→ TASK STATEMENT:
Your reply should restate the lines from the top of the entries through the line containing "Picture of a" word for word, with no pictures.

(Captioned web images)
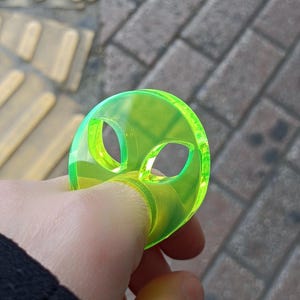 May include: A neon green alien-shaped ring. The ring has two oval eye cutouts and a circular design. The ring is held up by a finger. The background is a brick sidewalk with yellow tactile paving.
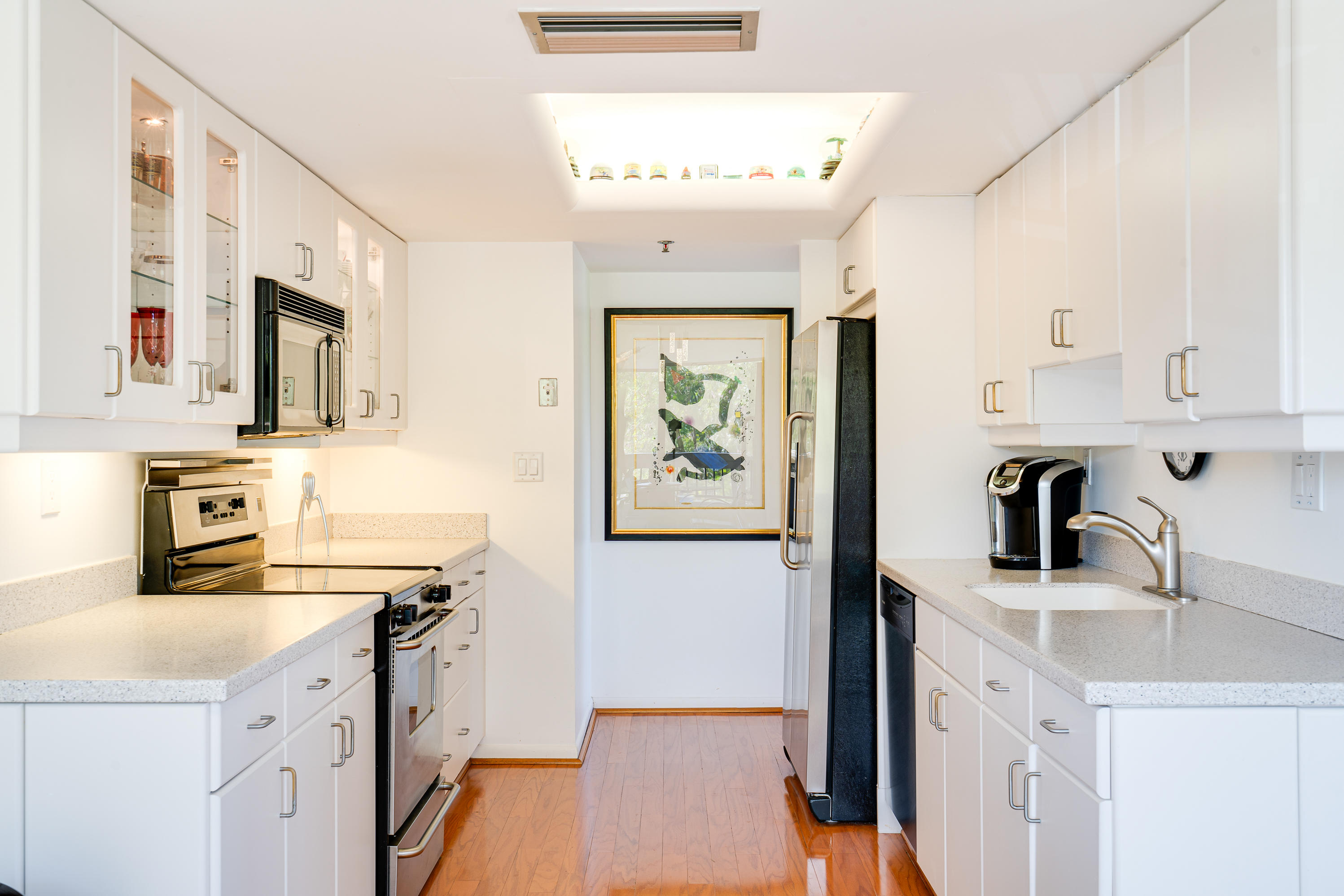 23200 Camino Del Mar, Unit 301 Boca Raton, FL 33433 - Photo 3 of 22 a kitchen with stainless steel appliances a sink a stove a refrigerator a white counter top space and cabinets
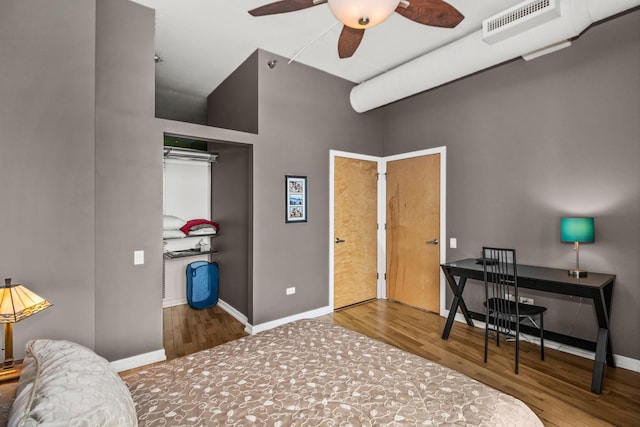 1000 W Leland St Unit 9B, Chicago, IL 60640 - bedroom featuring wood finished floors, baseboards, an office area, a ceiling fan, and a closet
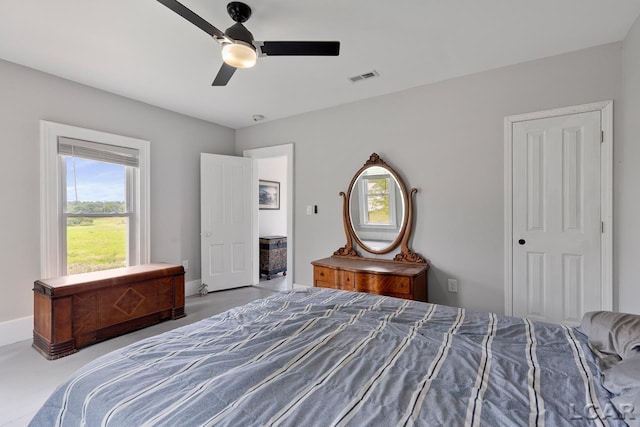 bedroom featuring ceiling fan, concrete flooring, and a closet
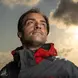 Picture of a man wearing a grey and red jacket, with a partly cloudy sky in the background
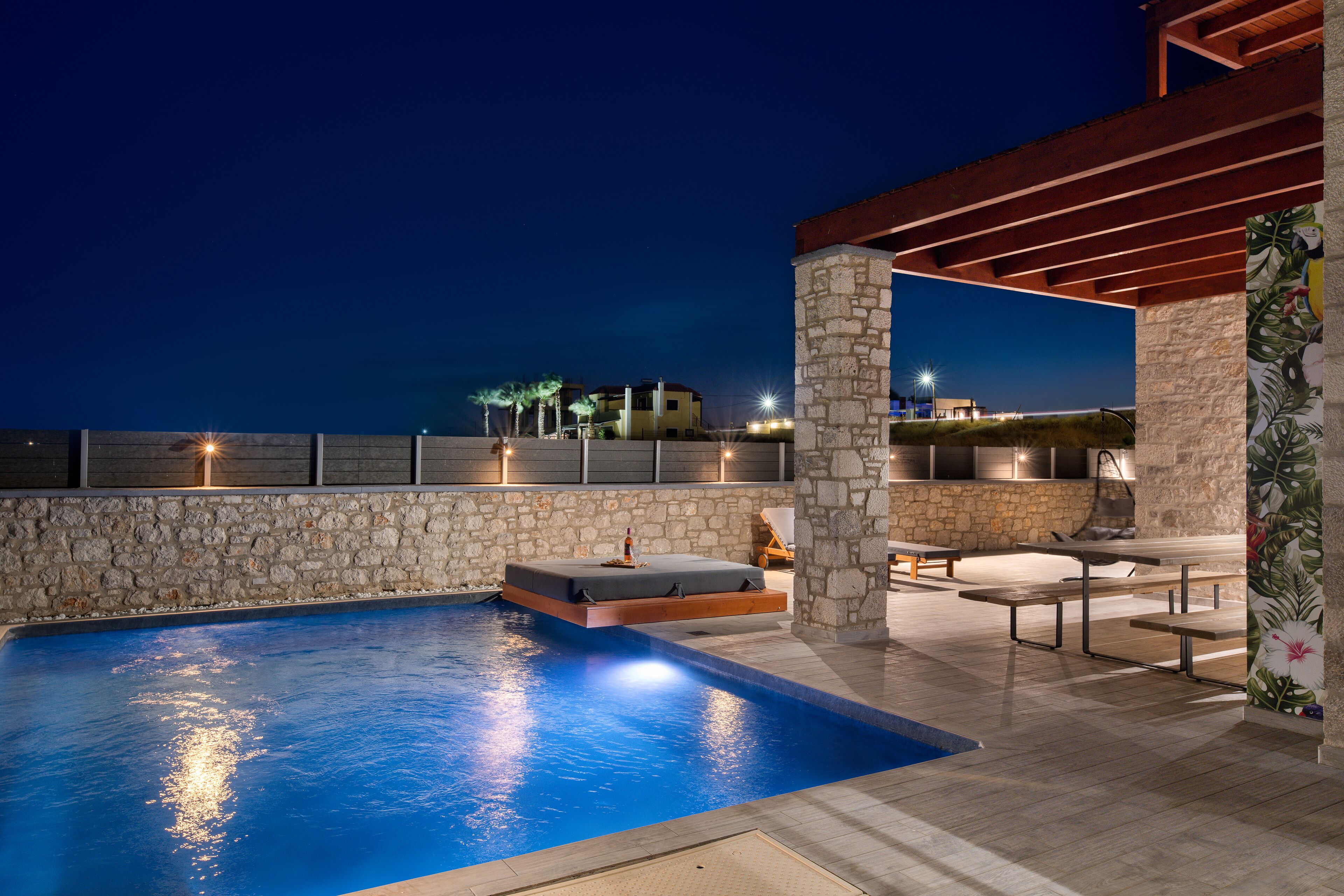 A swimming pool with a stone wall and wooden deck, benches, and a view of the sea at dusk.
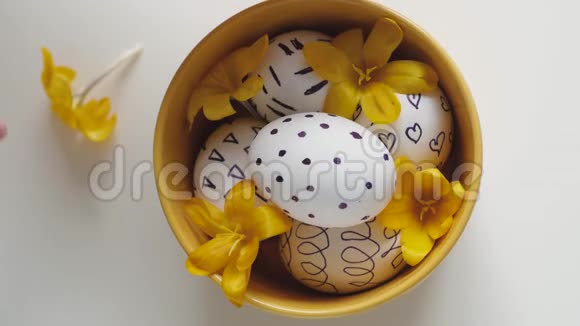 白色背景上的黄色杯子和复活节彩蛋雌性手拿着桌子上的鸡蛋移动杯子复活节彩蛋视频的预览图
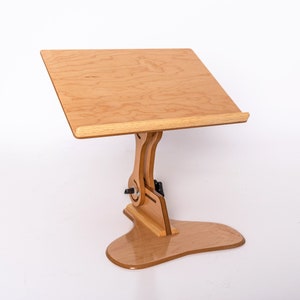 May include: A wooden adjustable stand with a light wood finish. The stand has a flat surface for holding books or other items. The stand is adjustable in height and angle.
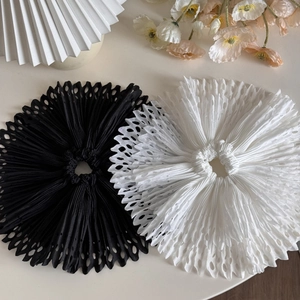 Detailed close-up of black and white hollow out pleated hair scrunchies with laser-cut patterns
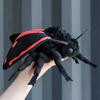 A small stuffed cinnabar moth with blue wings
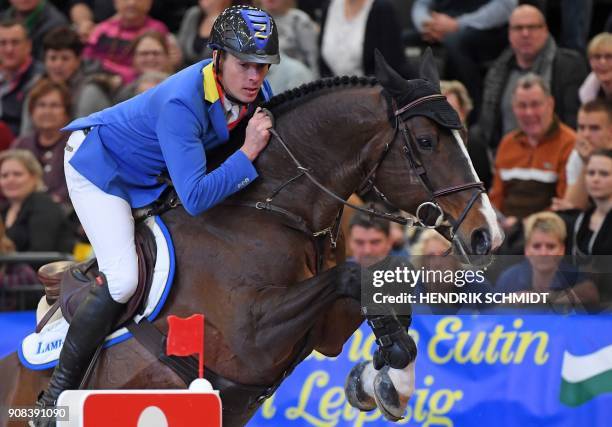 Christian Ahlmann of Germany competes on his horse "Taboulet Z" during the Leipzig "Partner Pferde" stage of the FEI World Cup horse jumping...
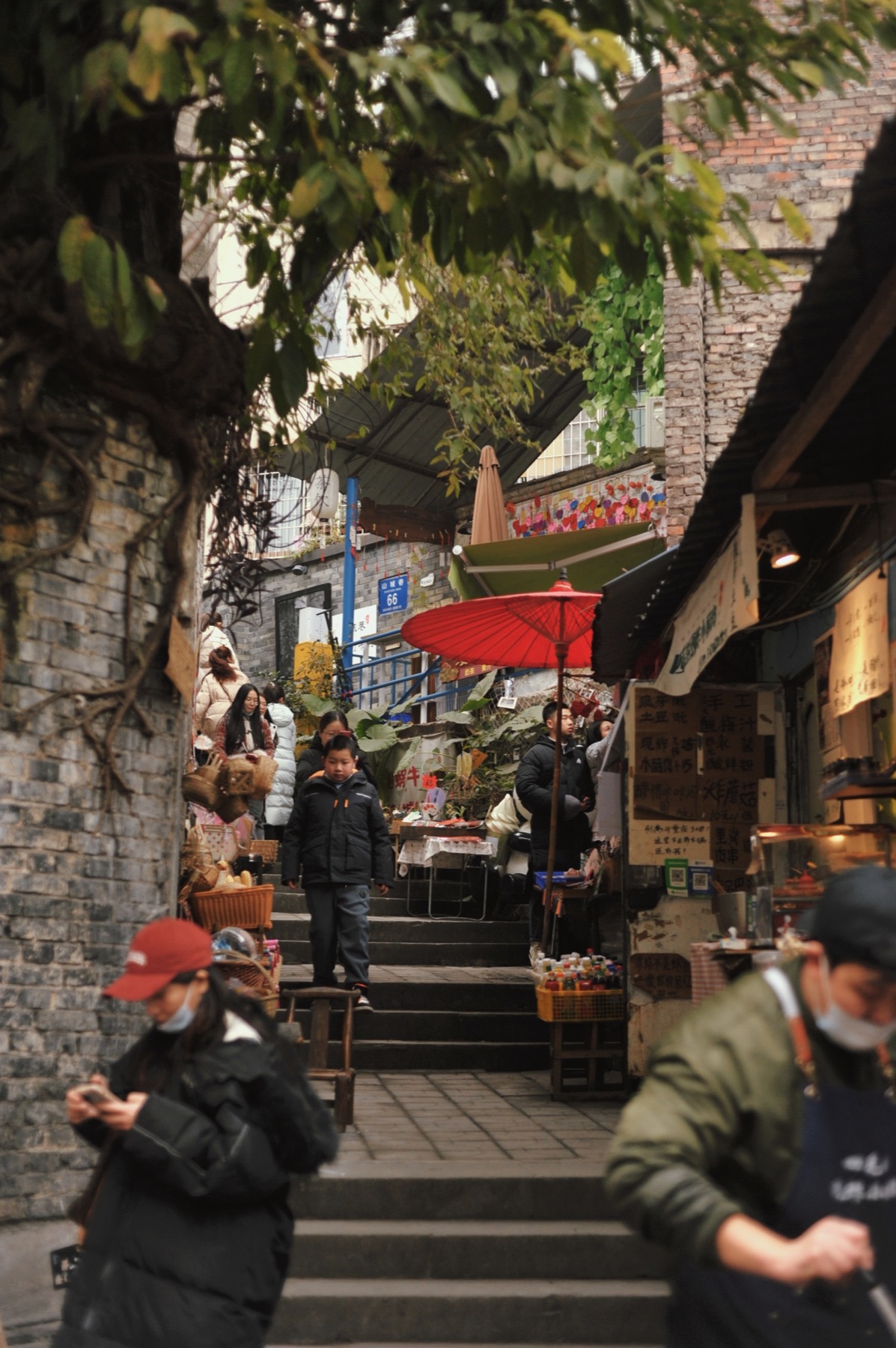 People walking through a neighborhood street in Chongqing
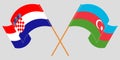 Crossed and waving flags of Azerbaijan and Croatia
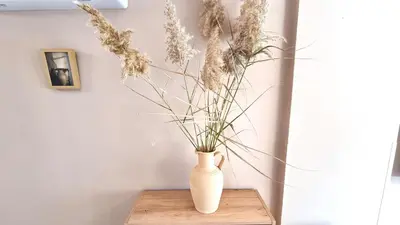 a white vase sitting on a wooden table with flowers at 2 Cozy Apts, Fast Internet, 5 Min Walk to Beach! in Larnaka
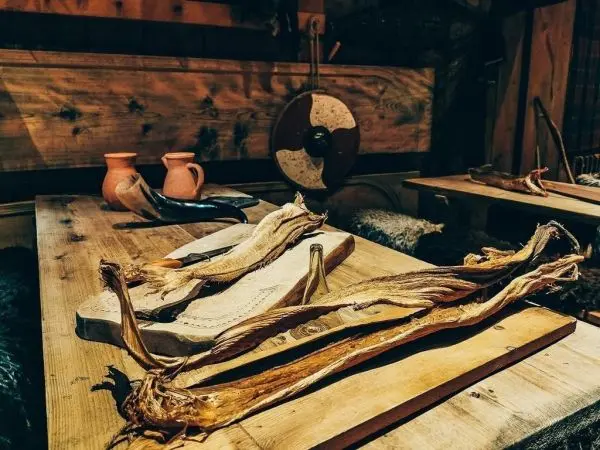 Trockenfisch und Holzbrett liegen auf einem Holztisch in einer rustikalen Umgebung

→ ANSWER TO THIS EXERCISE:
 May include: A neon green alien-shaped ring. The ring has two oval eye cutouts and a circular design. The ring is held up by a finger. The background is a brick sidewalk with yellow tactile paving.
 23200 Camino Del Mar, Unit 301 Boca Raton, FL 33433 - Photo 3 of 22 a kitchen with stainless steel appliances a sink a stove a refrigerator a white counter top space and cabinets
 1000 W Leland St Unit 9B, Chicago, IL 60640 - bedroom featuring wood finished floors, baseboards, an office area, a ceiling fan, and a closet
 bedroom featuring ceiling fan, concrete flooring, and a closet
 Picture of a man wearing a grey and red jacket, with a partly cloudy sky in the background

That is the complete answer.